In [None]:
import os
from elasticsearch import Elasticsearch

# Getting data
Before we start our search and similarity experiments, we need data. 

We're going to copy the wellcome collection image dataset from the production cluster to our local machine. Some of the elasticsearch concepts in this notebook might be a bit unclear while we run through these steps, but they should be made clearer over the next few notebooks where we'll have a populated data store to experiment in. 

We're basically going to be following [this guide](https://www.elastic.co/guide/en/elasticsearch/reference/current/reindex-upgrade-remote.html) for reindexing data from a remote index to a local one, mirroring instructions with the [python elasticsearch library](https://elasticsearch-py.readthedocs.io/en/latest/index.html).

## Connecting to a remote cluster
First we want to check that our source index exists and that the cluster it's running in is healthy etc. To connect to the cluster, we'll be making use of the variables we defined in `.env`.

In [None]:
remote_es = Elasticsearch(
    hosts=os.environ['REMOTE_HOST'],
    http_auth=(
        os.environ['REMOTE_USER'],
        os.environ['REMOTE_PASS']
    )
)

In [None]:
response = remote_es.search(
    body={"query": {"match_all": {}}},
    index=os.environ['INDEX_NAME']
)

## Connecting to our local cluster
This is our cluster running in docker, which is connected to this jupyter container through a [bridge network](https://docs.docker.com/network/bridge/). 

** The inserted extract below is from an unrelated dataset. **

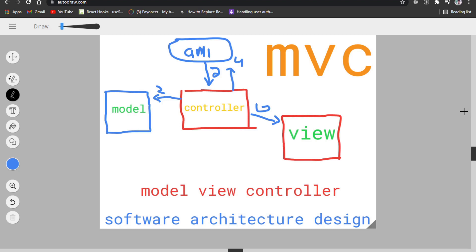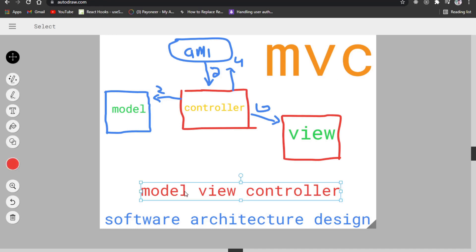MVC is Model View Controller. It is basically a software architectural design pattern. Popular frameworks like Laravel, Django, and CodeIgniter use MVC. Django uses Model View Template, CodeIgniter uses MVC, and Ruby on Rails also uses it. MVC is a very popular software design pattern.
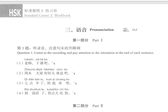1. 老师，下课吧。2. 周末，大家好好休息吧。3. 七点半了，快起床吧。4. 别说话了，快点吃饭。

The `LOCAL_HOST` variable should be something like `http://elasticsearch:9200`. Instead of using `http://localhost:9200` as we normally would when running outside of docker, we replace `localhost` with `elasticsearch`, the same name we gave to the container which our local cluster is running in.

In [None]:
local_es = Elasticsearch(
    hosts=os.environ['LOCAL_HOST'],
    http_auth=(
        os.environ['LOCAL_USER'],
        os.environ['LOCAL_PASS']
    )
)

There's no data in here (yet) so there's nothing for us to look at. Let's print a list of the existing indexes in the cluster, just to make sure.

In [None]:
local_es.indices.get_alias("*")

See, nothing.

We should create an index with the appropriate name to reindex our remote data into, and modify a couple of settings to make the reindex run faster.

In [None]:
local_es.indices.create(
    index=os.environ['INDEX_NAME'], 
    body={
        "settings" : {
            "refresh_interval": -1,
            "number_of_replicas": 0
        },
    }
)


Let's verify that that index now exists:

In [None]:
local_es.indices.get_alias("*")

Great, now we have a remote and local index to work with.

We're going to kick off a reindex from our remote cluster into our little local one. Normally, this command would run for a few seconds before timing out and cancelling the reindex. To stop that from happening, we'll set `wait_for_completion=False` so that the operation will run in the background without timing out. The command will then return a response containing a task ID, which we can use to monitor the progress of the reindex.

In [None]:
response = local_es.reindex(
    body={
        "source": {
            "remote": {
                "host": os.environ['REMOTE_HOST'],
                "username": os.environ['REMOTE_USER'],
                "password": os.environ['REMOTE_PASS']
            },
            "index": os.environ['INDEX_NAME'],
        },
        "dest":{
            "index": os.environ['INDEX_NAME']
        },
    },
    wait_for_completion=False
)

response

## Monitoring the state of the reindex

In [None]:
local_es.tasks.get(response['task'])

If you need to cancel the reindex at any point, run:

## When the reindex finishes

Finally, when all the data has been copied over to our local index, we need to modify the index settings again. We set a custom `refresh_interval` and `number_of_replicas` when we created the index so that the reindex would run quickly - now we should set them back to the default so that the data can actually be searched.

In [None]:
local_es.indices.put_settings(
    index=os.environ['INDEX_NAME'],
    body={
        "settings" : {
            "refresh_interval": "30s",
            "number_of_replicas": 1
        },
    }
)

Now we can start working seriously on search and similarity!